Special Delivery To Mitochondria

Chemical tweaks direct peptide tags to the cell’s powerhouse

Carmen Drahl

Courtesy of Shana O. Kelley
ENTRY The right mix of hydrophobic and cationic elements targets a peptide to mitochondria in cells, as shown by fluorescence microscopy.

Defects in mitochondria, the cell’s energy factories, can play a part in cancer, diabetes, and other ailments. A Canadian research team has developed peptide-based biochemical tools that traverse the mitochondrial membrane, technology that could lead to better-targeted and more powerful treatments for disease. Kristin L. Horton and Kelly M. Stewart, graduate students in Shana O. Kelley’s group at the University of Toronto, presented the findings at a poster session in the Division of Biological Chemistry at this week’s ACS national meeting in Philadelphia.

Researchers have developed molecular shuttles that can enter and accumulate in mitochondria, but the relationship between chemical structure and passage through the mitochondrial membrane isn’t clear. Kelley’s group has found that the right blend of hydrophobic and cationic moieties allows peptides to enter this important organelle. “We think that these are universal properties that could be applied” to rationally design better carriers and therapies, Horton says.

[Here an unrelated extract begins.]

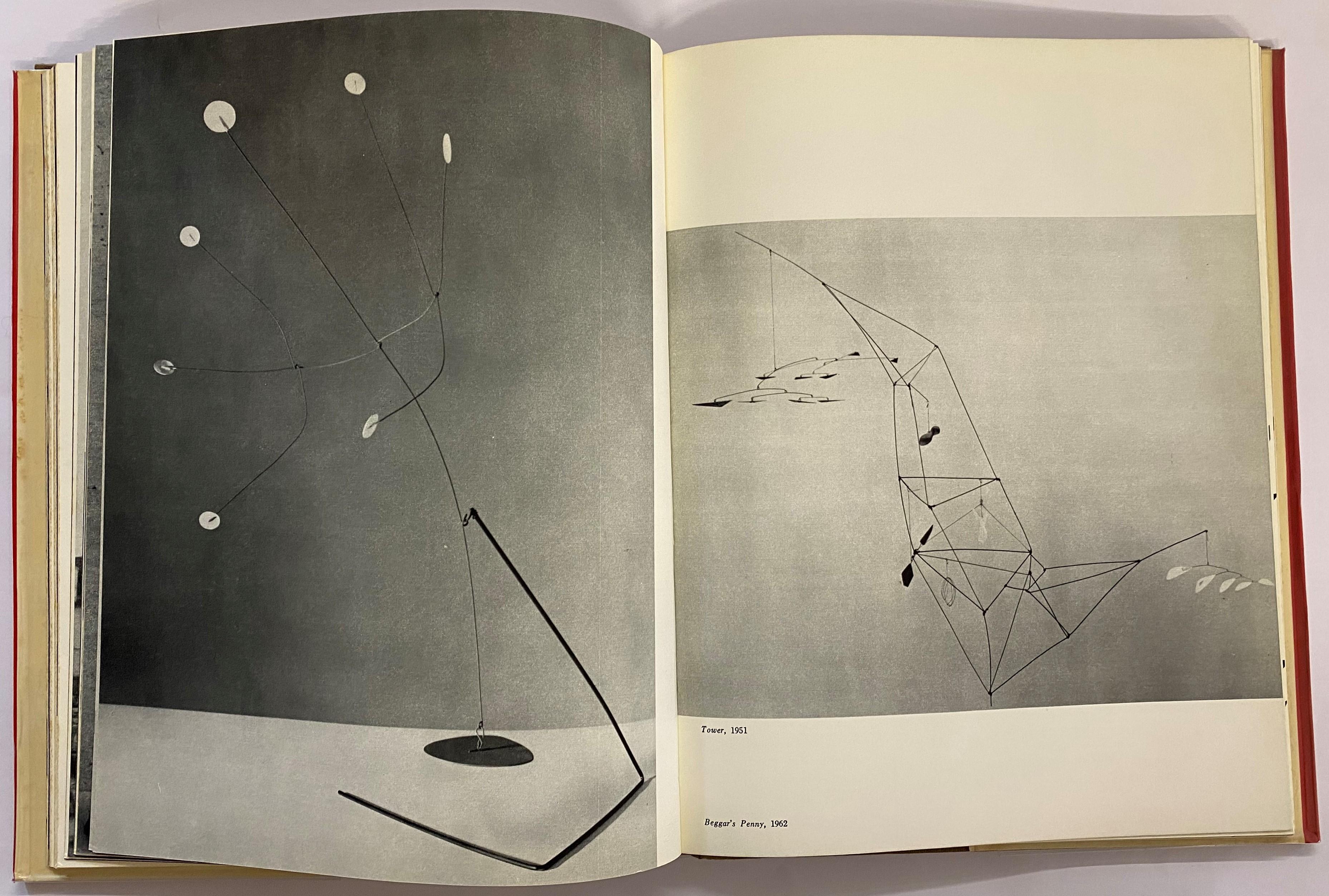 Calder: A Study of the Works of Alexander Calder by H. H. Arnason (Book) For Sale 8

To determine the chemical criteria for accessing mitochondria, the Toronto team tweaked the sequences of short cationic peptides. Such peptides have been used to carry nucleic acids and other cargo inside the cell membrane, but they cannot penetrate mitochondria. Replacing some cationic amino acid side chains with hydrophobic cyclohexane-containing side chains produced peptides that entered mitochondria in cultured cells (Chem. Biol. 2008, 15, 375). “People thought that only highly lipophilic structures with low charges could access mitochondria. We found that you can actually have quite a few charges on our peptide and still get through,” Kelley says.

Other mitochondria-targeting tags can deliver only small, nonpolar cargo, says Michael P. Murphy, an expert on mitochondria at the MRC Dunn Human Nutrition Unit, in Cambridge, England. “It would be nice to be able to deliver larger or polar molecules to mitochondria,” such as agents for conducting mitochondrial gene therapy, and Kelley’s work is a step toward that goal, he says.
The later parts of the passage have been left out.